- [WHAT YOU HAVE TO DO]: Without including any pictures, write out the data below exactly.

- [MATERIAL FOR THE TASK]:

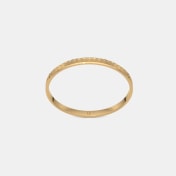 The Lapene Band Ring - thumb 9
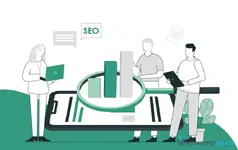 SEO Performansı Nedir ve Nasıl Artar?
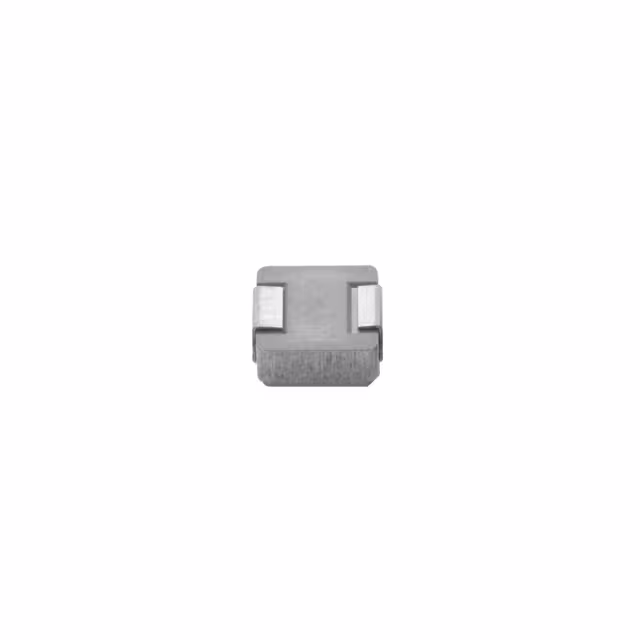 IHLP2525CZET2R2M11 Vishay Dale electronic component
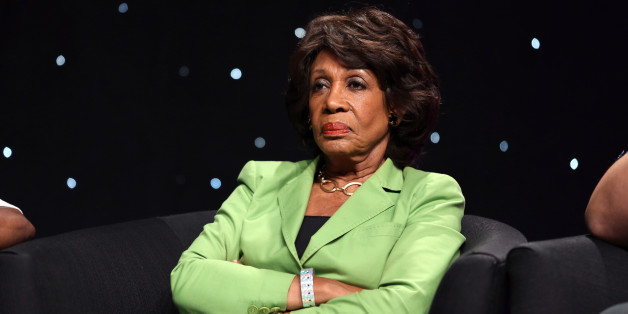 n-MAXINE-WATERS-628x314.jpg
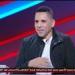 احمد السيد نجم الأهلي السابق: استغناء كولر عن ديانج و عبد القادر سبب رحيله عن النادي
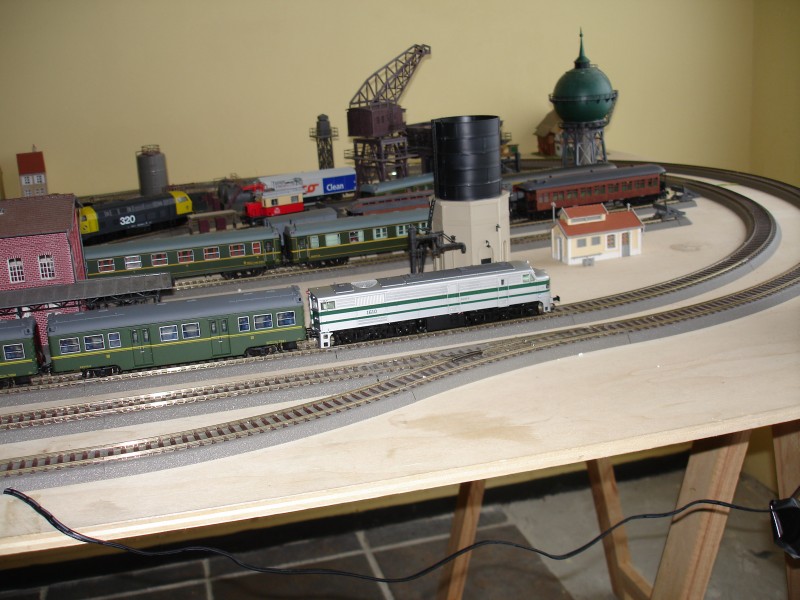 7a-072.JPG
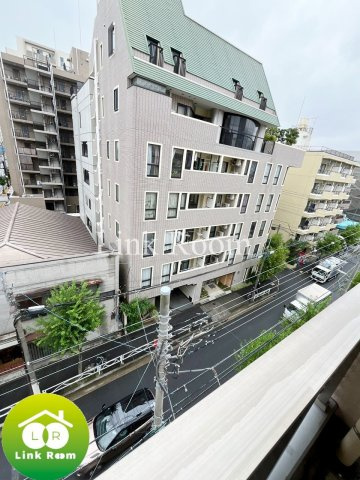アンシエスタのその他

- [RESULT BELOW]:
 The Lapene Band Ring - thumb 9
 SEO Performansı Nedir ve Nasıl Artar?
 IHLP2525CZET2R2M11 Vishay Dale electronic component
 n-MAXINE-WATERS-628x314.jpg
 احمد السيد نجم الأهلي السابق: استغناء كولر عن ديانج و عبد القادر سبب رحيله عن النادي
 7a-072.JPG
アンシエスタのその他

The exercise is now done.